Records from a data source
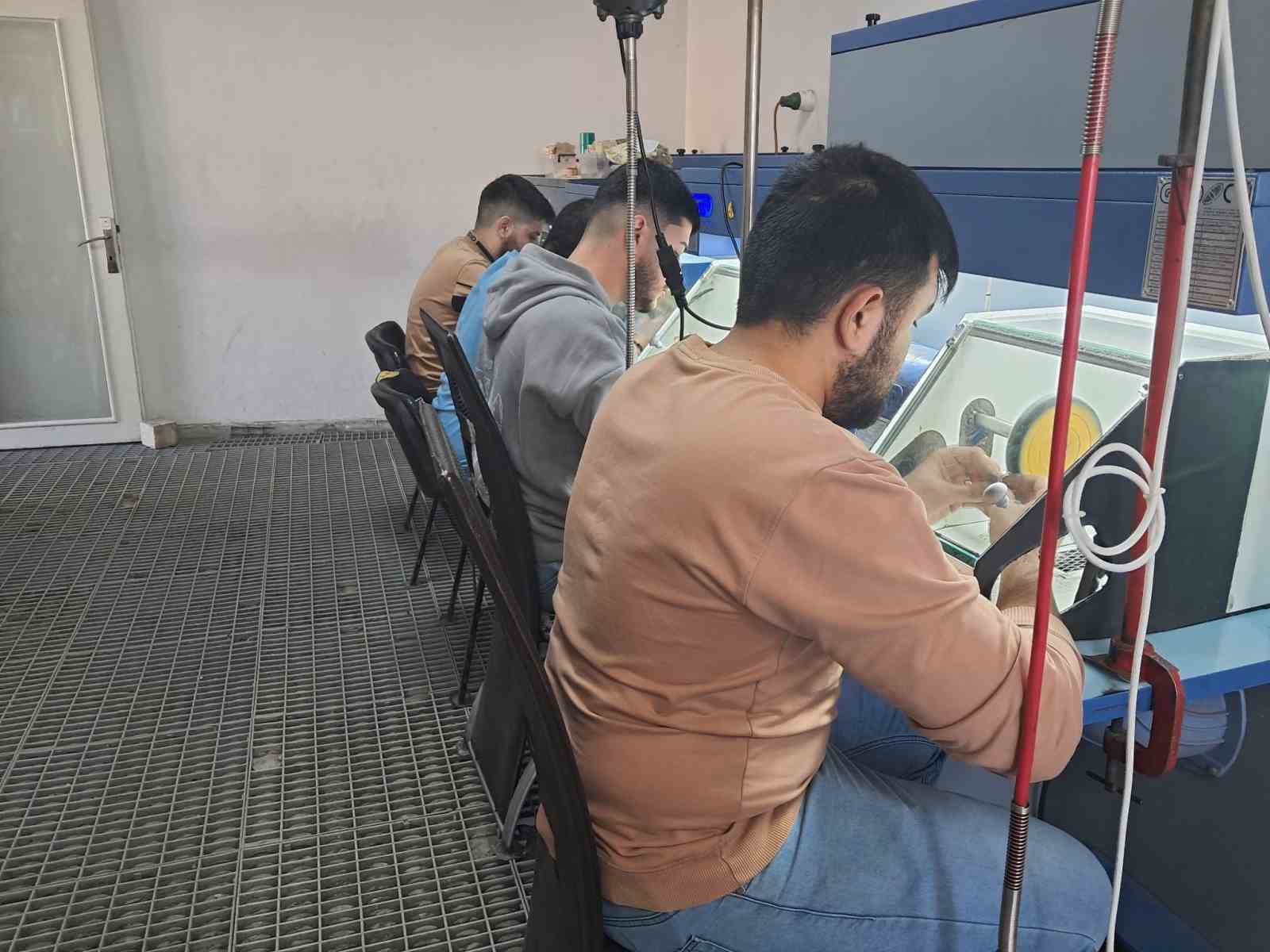 kuyumculuk meslegi yeni nesille bulusuyor 1 5NggEMnu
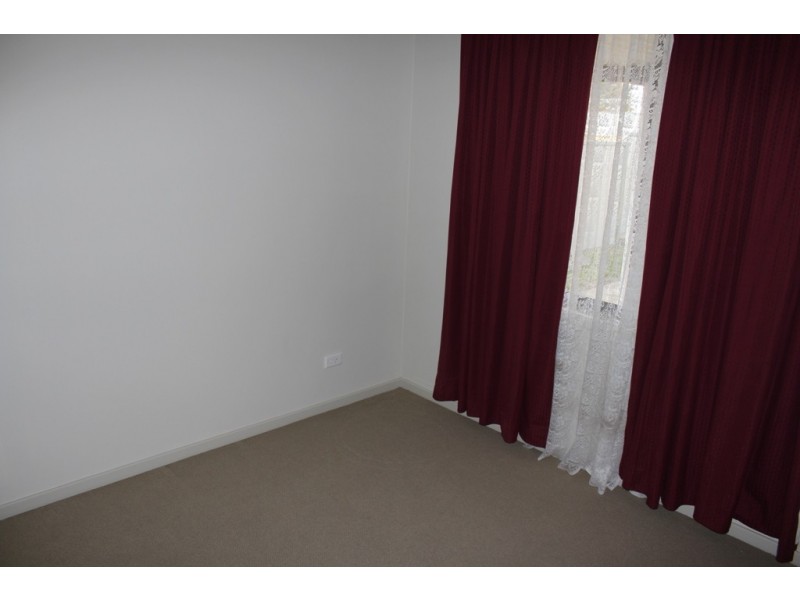 26 Locke Street, Bathurst NSW 2795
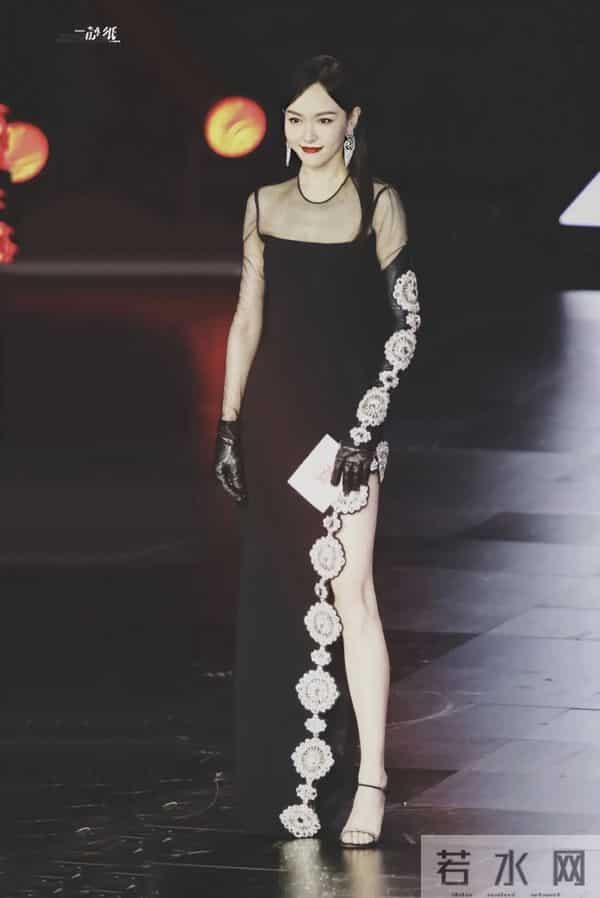 唐嫣红唇 黑长裙高开叉，腿好长好白啊！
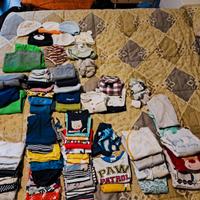 Lotto abito neonato 6-9 mesi (74cm)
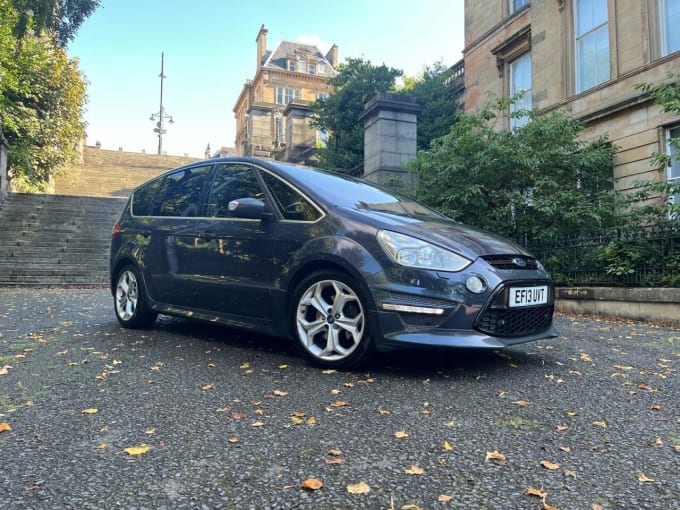 2025 Ford S-max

• **EXERCISE AIM**
Exactly as written, give every entry again, but not the pictures.

• **THE COMPLETED TASK**
 kuyumculuk meslegi yeni nesille bulusuyor 1 5NggEMnu
 26 Locke Street, Bathurst NSW 2795
 唐嫣红唇 黑长裙高开叉，腿好长好白啊！
 Lotto abito neonato 6-9 mesi (74cm)
 2025 Ford S-max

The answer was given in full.